Na abertura de Mico Preto, o designer Hans Donner colocou o macaco-prego Chico, criado na casa de uma família em Pedra de Guaratiba, no Rio de Janeiro. O animal, que não participava da trama, já havia aparecido em outras produções da casa, como Os Trapalhões e TV Pirata.
No início de agosto de 1990, dois meses após a estreia da trama, o procurador da República Luiz Alberto David Araújo entrou com uma ação civil pública ambiental contra a Globo. Ele alegou que a utilização do macaco-prego na abertura desrespeitava a lei 5.197/67, que regulamentava a proteção à fauna brasileira.
Araújo atendeu a uma representação da sociedade ambientalista Grupo de Proteção ao Boto Tucuxi. "Veicular a imagem de um macaquinho de chapéu e colete é uma catástrofe em termos ambientais. E essa lesão toca especialmente as crianças. Para elas, torna-se valor corrente o aprisionamento de animais", declarou o procurador ao Jornal do Brasil de 8 de agosto de 1990.
A ação visava proibir a exibição da abertura, mas não deu certo: o juiz José Luís Gomes da Silva negou o pedido de liminar. A Folha de S. Paulo de 9 de agosto informou que "o juiz paulista alegou que se fosse concedida a liminar de suspensão ele estaria censurando uma produção artística, o que é proibido por lei. Considera que o artigo 220 da Constituição Federal, sobre censura, prevalece sobre a lei utilizada pelo procurador no pedido de liminar".
Outro lado
A Globo alegou que não havia razão para tanta repercussão, já que, segundo a emissora, o animal não podia ser considerado silvestre. "O mico é tratado desde a sua primeira semana de vida sob os cuidados da família Santos, ele não encontraria nas matas tropicais (seu habitat natural) a suculenta macarronada de Dona Lúcia (seu prato predileto), nem a cama com travesseiro e cobertor, já que não conheceu correntes nem gaiolas ao longo de seus três anos de existência", explicou reportagem de Macedo Rodrigues no jornal O Globo de 14 de junho de 1990.
A Folha de S. Paulo vaticinou que quando a novela terminasse o inquérito ainda não teria sido concluído. E foi mesmo o que aconteceu: Mico Preto foi exibida até 1º de dezembro de 1990, e o processo só terminou no ano seguinte, condenando a Globo a exibir mensagens ambientalistas.

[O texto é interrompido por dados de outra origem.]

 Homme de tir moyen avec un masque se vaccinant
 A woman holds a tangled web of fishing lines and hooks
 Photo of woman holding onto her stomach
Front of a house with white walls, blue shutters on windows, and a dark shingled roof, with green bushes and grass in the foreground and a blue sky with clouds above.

O Jornal do Brasil de 24 de julho de 1991 informou que Xuxa, Faustão, Malu Mader e Antônio Fagundes, entre outros artistas da emissora, iriam dividir as atenções dos telespectadores com macacos, borboletas, jacarés e tartarugas.
"A emissora foi punida e é obrigada a levar ao ar 30 minutos diários de mensagens a favor da preservação de animais silvestres, divididos em vinhetas de 15 segundos". O acordo não agradou a Márcio Augelli, presidente da Boto Tucuxi. "Meia hora é pouco tempo", esbravejou ao jornal.
Como consequência dos problemas judiciais, o então vice-presidente de Operações da Globo, José Bonifácio de Oliveira Sobrinho, o Boni, advertiu os funcionários, em memorando, sobre as implicações que o uso de animais silvestres nas gravações poderia gerar. Dessa forma, uma vinheta da Copa de 1990, que também tinha a participação de um mico, foi tirada do ar.
Outro caso semelhante, envolvendo o mesmo grupo ambiental, aconteceu em outubro de 1989. O programa TV Animal, do SBT, apresentado por Gugu Liberato, exibiu animais silvestres enjaulados. A representação foi feita e o SBT foi multado em US$ 1,1 milhão. A multa também foi convertida na exibição de vinhetas, três vezes por dia, durante 75 dias.